8.時には、あえて「ひねくれた」モノの見方をしてみる。


 いずれにしろ、試験問題をみてその場で考えてもいい答案は書けない。 早めに自分の志望学部・学科の出題傾向を分析して、事前に書くべき論文(=得意ネタ)を準備しておこう。 もちろん、そのものズバリ出るということはありえない。しかし、基本的な「知識」のストックがなければ何も書けないことだけは確かである。




【7】小論文が苦手な人へ

 小論文が苦手だという人に共通しているのは、以下の4点である。 もし、原稿用紙を前にして、何を書いたらよいか思いつかないという人がいたら、次の項目のどれに原因があるのかチェックしてみよう。

小論文が書けない原因

1.心の底から「訴えたいという気持ち」が欠けている。

2.書くべき内容に関する基本的知識がない。

3.物事を因果関係で考える習慣が身についていない。

4.論文にまとめる技術や日本語の表現力が不足している。


(1)心の底から「訴えたいという気持ち」をもつ。
 
 論文を書くうえで一番大切なことは、読者に何かを訴えたいという「気持ち」である。 「みなさん、聞いてくださーい。私はこんなふうに考えます」という気持ちが論文を書く際のエネルギーとなる。 この気持ちが心のなかに十分高まっていないと、いくら原稿用紙とにらめっこしていても論文は書けない。

 与えられたテーマを自分の身におきかえてみること。 「ゴミ問題」だったら、自分の家の前に不法投棄された高さ10メートルのゴミの山があり、 風が吹くたびにほこりが飛んできて洗濯物を汚す光景を想像することである。

 また、「脳死問題」だったら、自分の親が脳死になって、動いている心臓を取り出す光景を頭に思い描いてみることである。 このように、与えられたテーマを自分の身におきかえることによって、「訴えたいという気持ち」が生まれてくることが多い。

 一般に、社会科学系の小論文では、現状に対する問題の指摘をし、改善して理想に近づけるというパターンをとる事が多い。   


(2)基本的知識を日頃から収集しておく

 無から有は生じない。テーマが与えられたら、指定された字数の少なくとも十倍は書けるだけの知識を持っていることが必要である。 800字でまとめよと言われたら、少なくとも8000字程度は書けなくてはいけない。

 答案用紙で書くのは、自分が知っている知識の1割程度、 まさに氷山の一角と心得ておいてほしい。そして、答案をまとめる際に大切なことは、知っていることをすべて浅く広く書くのではなく、 一つのテーマに絞り込んで、深く書くことである

 一般に受験生は、自分が知っている知識をすべて書くことが良い答案の条件であると勘違いをしている。 例えば「地球環境問題について800字以内で論ぜよ」とあったら、地球温暖化・オゾン層の破壊・酸性雨・熱帯雨林の消滅など、すべてを盛りこみ、 いかにも自分がたくさん知っていることをアピールしたがる傾向がある。

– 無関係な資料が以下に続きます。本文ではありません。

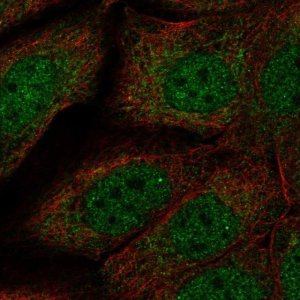 Anti-NDN antibody produced in rabbit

 しかし、これは間違いである。 800字ですべてを盛り込むなど土台無理な話である。いい答案とは知識の量ではなく、分析の鋭さを感じさせる答案といってよい。そのためには、ひとつのテーマに絞り、深く書くことである。

 800字のなかで、あれもこれも盛り込んでも決して感動を与える答案にはならない。ひとつの小さなテーマに絞り込み、深く書く。 もし分析の鋭さが十分に示されていれば、たとえ答案に書かれていなくても、採点者は受験生が本当はどのくらいの知識量を持っているのかを 感じ取ってくれるものである。知っていても書かない。その奥床しさがいい答案にしあげる秘訣といってよい

 
また、「いろいろ」とか「さまざまな」とかいうごまかした表現もなるべく避けたい。基本的知識が不足している答案とみなされるからである。 本当にわかっていたら、具体例をあげられるはずである。

 同様に、抽象語ばかりを書き並べた答案も避けたい。 抽象語を具体的事例に置き換える力がないといい答案にはならないことも知っておいてほしい。


(3)物事を因果関係で考える。
 
 多くの場合、社会現象には因果関係がある。子どもの数が減れば、相対的に老人の数が増加し、その結果、年金や医療保険が破綻の危機に 瀕するかもしれない。また、公定歩合を引き下げれば、金回りがよくなって、景気が回復し、さらに行きすぎるとバブルが発生するかもしれない。

  このように、社会現象はさまざまな事柄が影響しあっている。したがって、物事を考える際には、ある事象が、何が原因で生じているかを常に意識することである。 大切なのはロジックであって、用語を暗記することではない。すなわち、原因をx、結果をyとすると、y=f(x)で考える癖をつけることである。
  
 とくに理科系の論文では、データを見て、そこに因果関係を発見し、 それをy=f(x)に結びつけることができれば、それで十分合格答案である。書き方そのものはそれほど重要ではない。


(4)論文にまとめる技術や日本語表現力を養う。


 まず第一に、言いたいことをはっきりさせることである。そのためには「結論を短い文に書いてみる」ことを勧める。 その際、訴えたいことは一つにすべきである。おもしろい話でも、一つだけなら心にしみるが、いくつも聞かされれば印象に残らない。

全体を読み終わって、結局何を言いたいのかよくわからない答案は絶対に書いてはならない。たとえば資料文が与えられた場合、最初に著者の見解をしっかり読み取り、その上で、著者「賛成「反対か自己の立場を明らかにする。賛成の場合は、著者と同じ理由では論文にならないから、著者とは違う理由をあげる。

第二に、論文の構成も大切である。とくに序論における問題提示と、結論の答えの部分の対応が一致していないと意味不明の答案になる。 序論・本論・結論の各パートがそれぞれの役割をはたしていることが求められる。

第三に、わかりやすい日本語表現を心がける。論文における最良の日本語とは、一読して意味がわかり、 しかも100人が読んでも一通りにしか解釈できない日本語である。あいまいな文学的表現は避けたい。